Desde mi ventana, miro y admiro la responsabilidad con la que la mayoría de los ciudadanos están manteniendo su “encierro preventivo”, a la vez que me encorajino con aquellos otros –los menos– que abusan de la tan traída y llevada picaresca nacional para saltarse las normas y –tenedlo muy en cuenta– poner en peligro a los demás, por el sólo hecho de demostrar su “listeza” (es decir, su idiotez, rallando en la majadería).
Ha llegado la temporada –dure lo que dure; y ¡ojalá sea intemporal!– de actuar con solidaridad; de demostrar que nacimos para “ser”; de vivir como humanos desarrollados y no como bestias salvajes en selva de cemento. Esto es lo mínimo exigible, con independencia a cualquier credo personal.

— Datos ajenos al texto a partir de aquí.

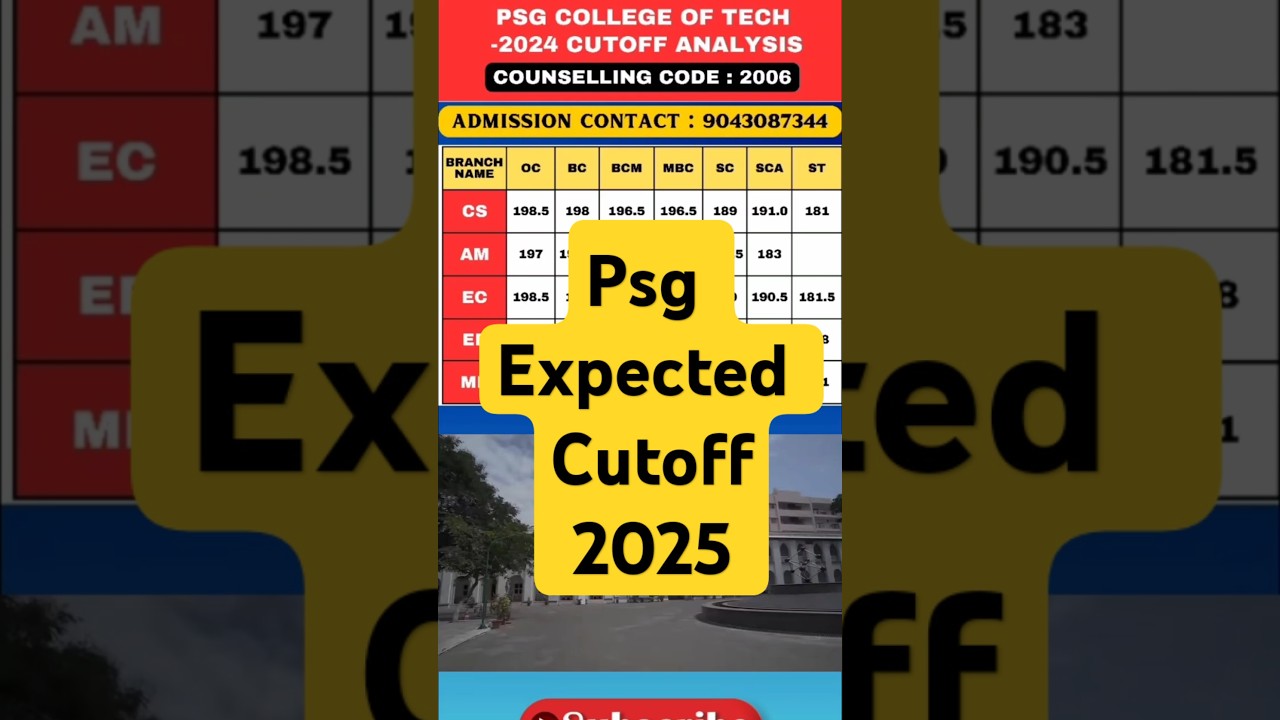 PSG college of tech 2025 expected cutoff #cutoff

Por ello, parafraseando a Fernando Sebastián, el que fuera arzobispo coadjutor de Granada y, más tarde, cardenal presbítero de Santa Ángela de Merici, me permito recordaros que “los tiempos convulsos son apasionantes”. Sobre todo si lo respirado ahora nos sirve para rehacer nuestras relaciones, reconstruyendo una sociedad global –la que nos es propia– y que venía solicitando desde tiempo atrás algo más que una buena mano de pintura.